As biochip technology makes the transition from ‘bench to bedside’ in the clinical trial processes, improved patient therapies will result. However, a poor reimbursement climate and budgetary restrictions is dampening adoption of chip-based diagnostic kits.
Targeting diseases and proving clinical utility coupled with multi-parameter testing will be critical to encouraging wider acceptance. says Frost & Sullivan.
Pharmacogenomics has fundamentally altered the dynamics of the diagnostics market by ushering in the concept of personalised medicine. Genomic technology promises to promote individualised treatment by uncovering how genetic inheritance triggers varied drug responses in people. Phenotypic diagnosis may gain some good rewards with regard to biochip technology applications, as morphological features will be used to determine the disease prognosis, as in the case of a tumour.
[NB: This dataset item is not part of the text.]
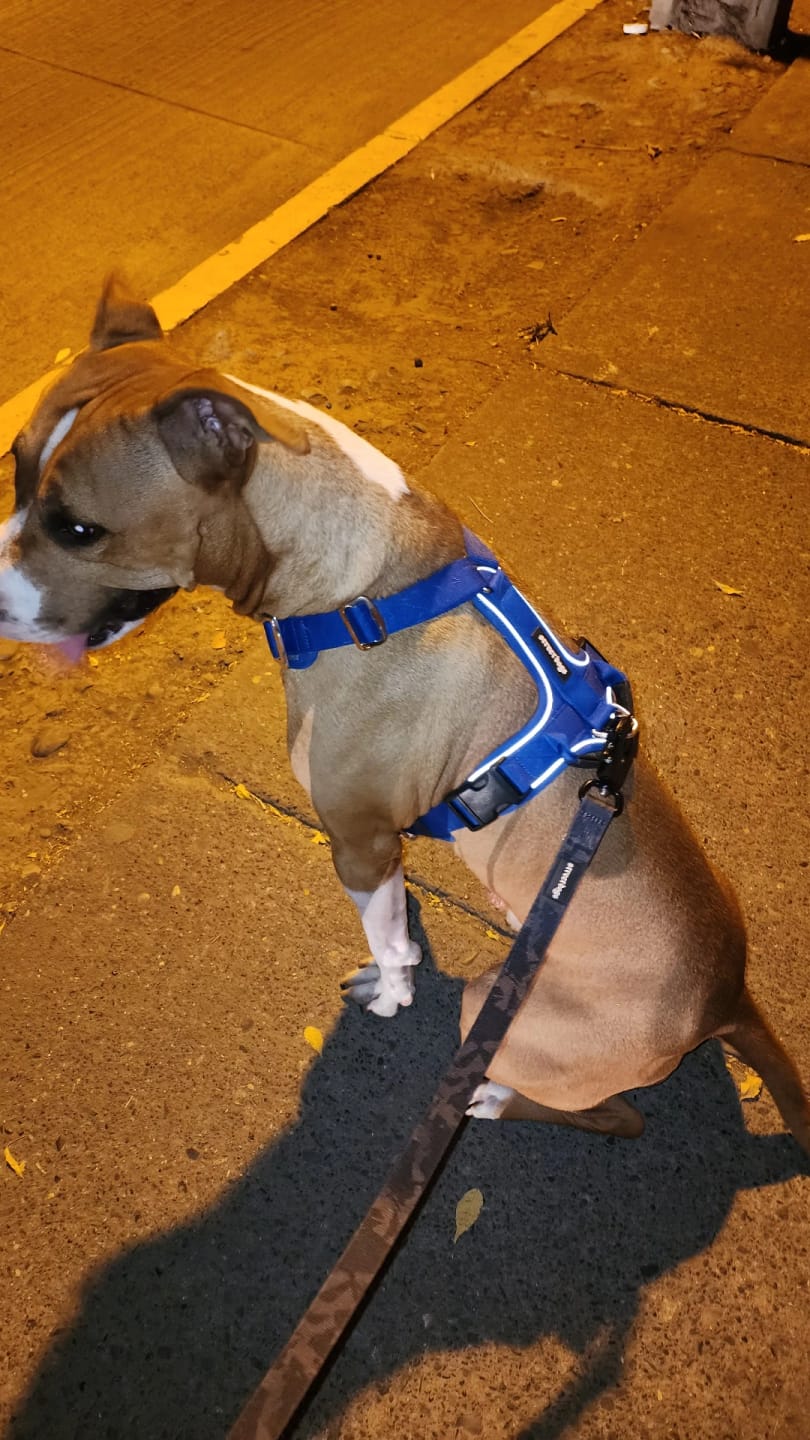 Customer photo review of Arnés Aerosport para Perros - Street Dogs - Blue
Identifying relevant disease specific markers holds the key to using these biochips in
real-time diagnostics. Diseases like cancer and Alzheimer’s will provide the major impetus to implanting this chip technology within clinics.
However, while the emergence of personalised medicine has positively influenced the growth of array technologies in clinical diagnostics, the key obstacle lies in obtaining consistent and statistically relevant readouts. This is creating a need for easy to use systems equipped with robust infrastructure that are capable of providing consistent results in the clinical research phase.
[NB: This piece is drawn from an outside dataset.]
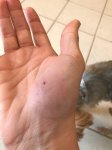 cat bit wound.jpg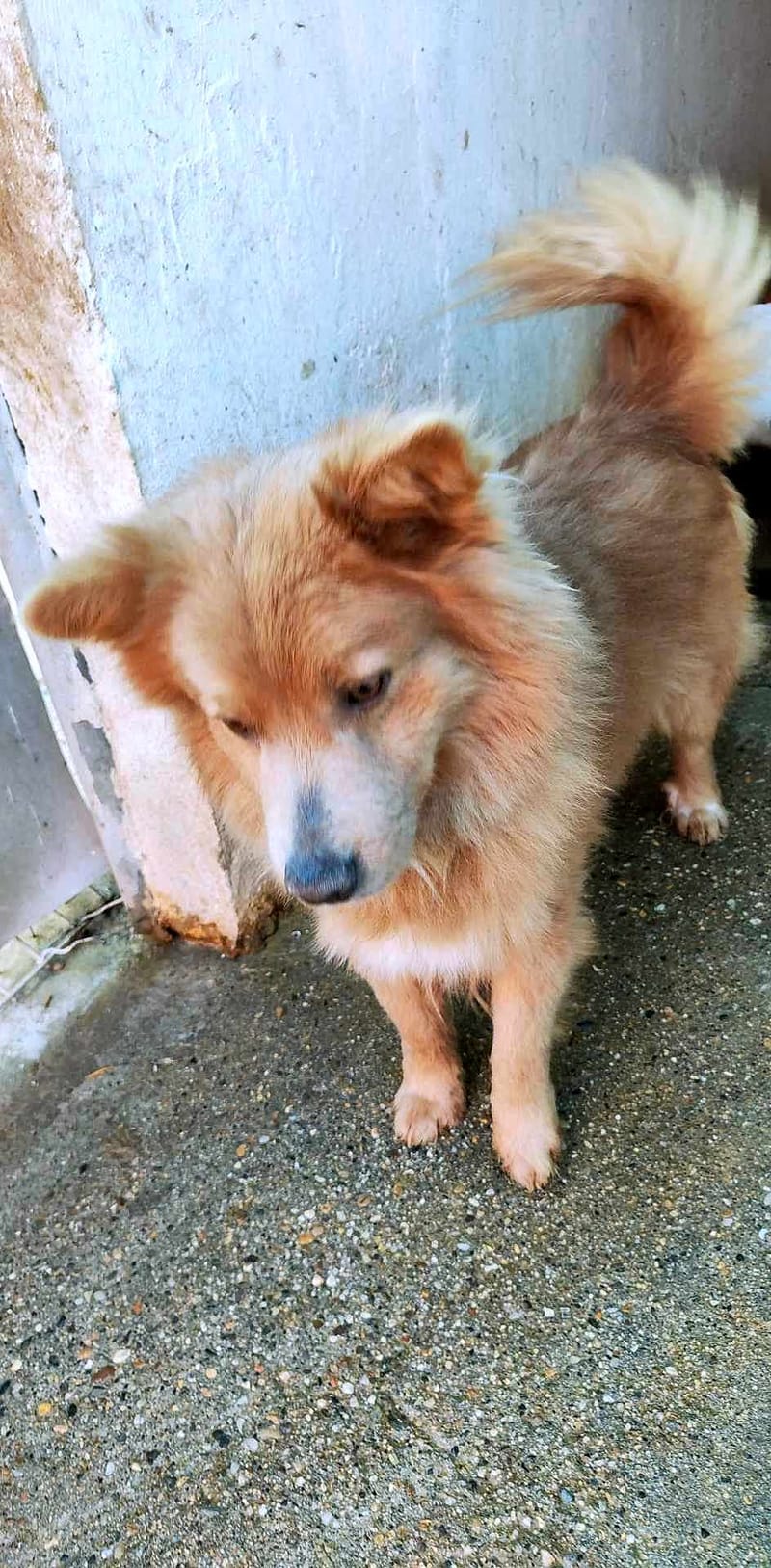 LOWIEKE *** G E A D O P T E E R D ***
Multi-parameter testing and miniaturisation of chip technology are also set to help physicians focus on higher-level decision making and drive uptake of chip technology in clinical research. Biochips offer the ability to identify and prioritise drug targets through the parallel corroboration of a multitude of gene expressions. Moreover, even as feature sizes shrink, the capacity to provide expanded information content is growing.
Supported by these trends, the US$14.1million European market for biochips in clinical research is estimated to grow at a compound annual growth rate of 24.6percent over the period 2004 to 2011 to reach US$65.6million.
Protein chips are expected to have a higher growth potential than DNA chips in clinical research as most drug targets are proteins and post translational modifications can be avoided.
One of the key issues confronting both vendors and researchers are the high cost of chip-based solutions. Owing to the premium pricing of array-based diagnostic tools, the commercial use of biochip applications in clinical settings has lagged.